Charles Malfray : sculpture française de l’entre-deux-guerres, repères, styles et valeur
Introduction
Charles Malfray (1887-1940) occupe une place identifiable dans la sculpture française de l’entre-deux-guerres. Son nom apparaît à la fois dans l’histoire des commandes publiques (notamment autour des monuments commémoratifs) et dans le marché des sculptures de format plus intime, éditées en bronze, en plâtre ou en terre cuite. Pour un collectionneur, un héritier ou un amateur, l’intérêt du sujet est double : comprendre ce qui caractérise l’œuvre de Malfray dans le paysage artistique des années 1920-1930, et savoir quels éléments concrets orientent la valeur d’une sculpture attribuée ou signée de sa main.
Cette thématique est aussi utile pour situer Malfray parmi les sculpteurs qui, entre tradition figurative et modernité mesurée, ont renouvelé les volumes, les silhouettes et la manière de traiter le corps, le drapé, ou la tension des poses. Le but de cet article est d’apporter des repères simples et vérifiables sur les typologies d’œuvres, les matériaux rencontrés, les critères qui pèsent sur la demande, et quelques résultats d’enchères accessibles publiquement.
Comprendre la sculpture de l’entre-deux-guerres autour de Charles Malfray
Parler de « sculpture française de l’entre-deux-guerres » revient à désigner un contexte précis : l’après Première Guerre mondiale, puis les années 1920-1930, jusqu’aux débuts du second conflit mondial. Sur le plan artistique, cette période n’est pas uniforme. Elle est traversée par des tendances parfois opposées, allant d’une figuration classique réaffirmée à des recherches plus radicales sur la simplification des formes.
Dans ce cadre, Charles Malfray apparaît comme un sculpteur qui reste attaché au langage figuratif, tout en adoptant des choix plastiques plus condensés. Les volumes peuvent être ramassés, les attitudes intériorisées, et les lignes du corps traitées avec une sobriété qui s’accorde avec certaines sensibilités de l’époque. Cela explique que ses œuvres puissent être rattachées, selon les pièces, à une atmosphère proche de la sculpture « de synthèse » : une volonté de dire beaucoup avec peu d’effets, sans pour autant basculer dans l’abstraction.

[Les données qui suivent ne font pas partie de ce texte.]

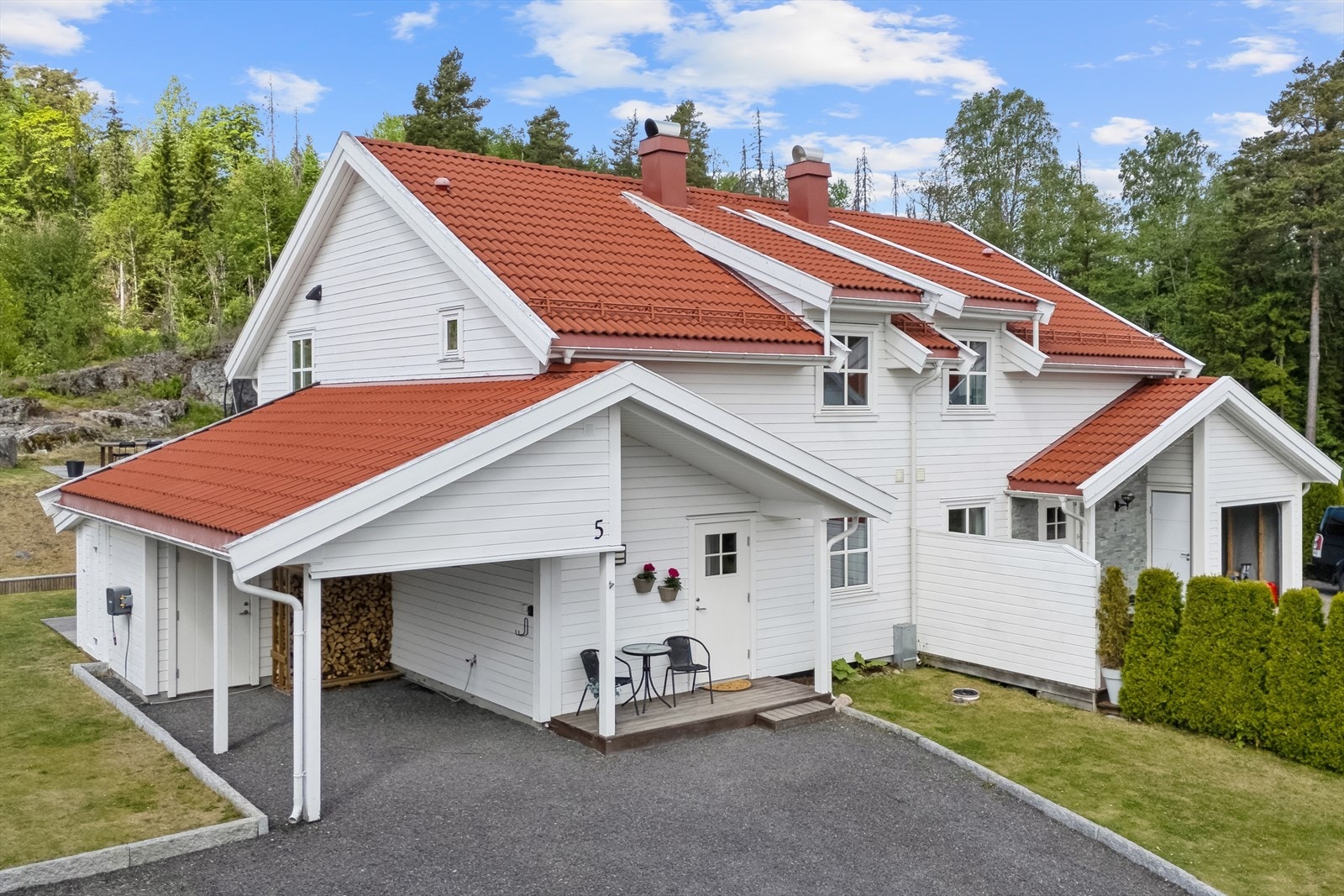 Halvpart av tomannsbolig over 2.etg. med carport Galleribilde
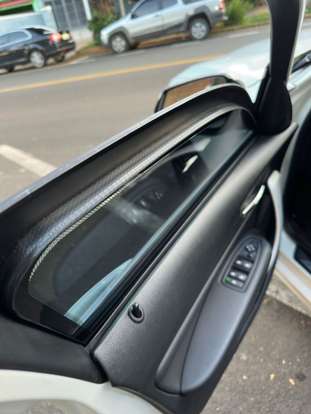 BMW-120i-2015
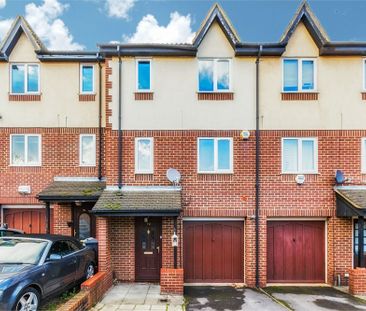 3 bed terraced house to rent in Littlebrook Avenue, Burnham, SL2 - Photo 1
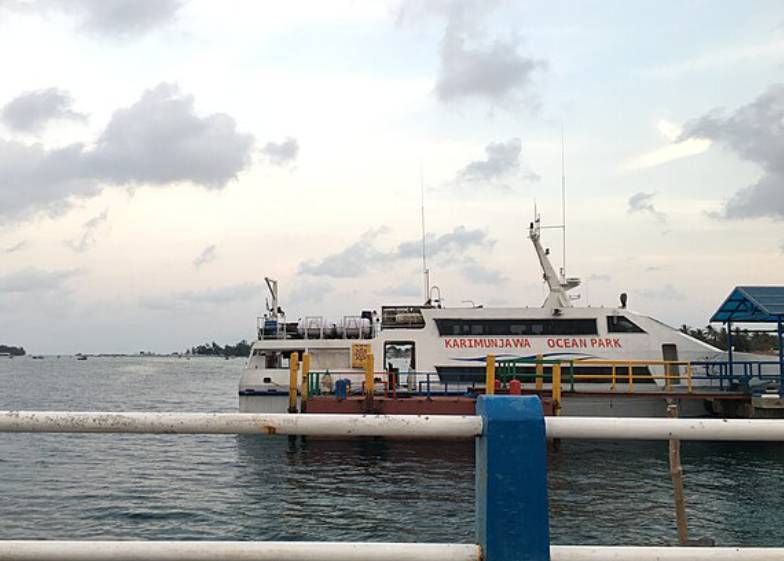 potret kapal feri Karimunjawa (commons.wikimedia.org/Elicefa)
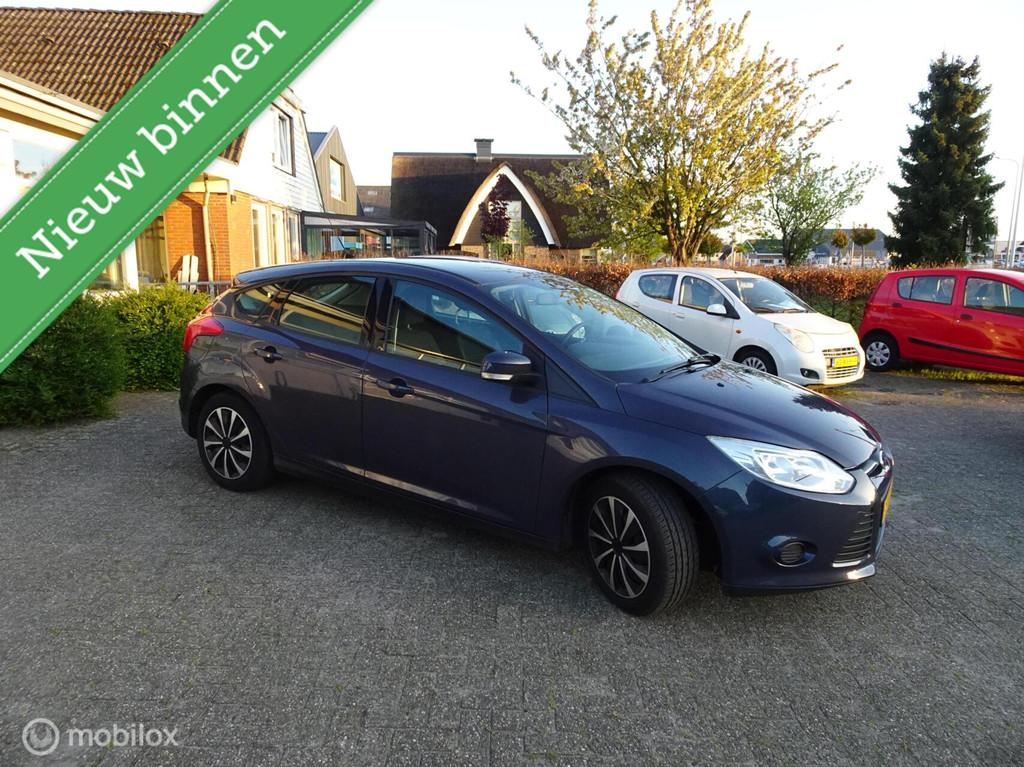 Ford Focus 1.6 TI-VCT Trend ( APK 12-05-2027) AIRCO, Auto's, Stof, Gebruikt, Zwart, 4 cilinders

La thématique Malfray permet aussi d’aborder, de façon concrète, plusieurs sujets typiques de l’entre-deux-guerres : les résonances de la guerre (mémoire, douleur, silence, recueillement), les commandes publiques et leur réception, mais aussi l’intérêt durable pour le nu, les études de mouvement, et le drapé « à l’antique » que l’on retrouve dans une partie de la production sculptée française de ces années.
Typologies, matériaux, périodes et styles : repères simples
Pour aborder Charles Malfray de manière structurée, il est utile de distinguer les types d’œuvres qui reviennent le plus souvent en collections privées et sur le marché : sculptures éditées en bronze, plâtres (modèles, épreuves, ou tirages), terres cuites, et plus rarement marbres ou pierres selon les ensembles. À cela s’ajoutent les œuvres liées aux commandes publiques, qui appartiennent davantage à l’histoire des monuments qu’au marché de la sculpture de cabinet.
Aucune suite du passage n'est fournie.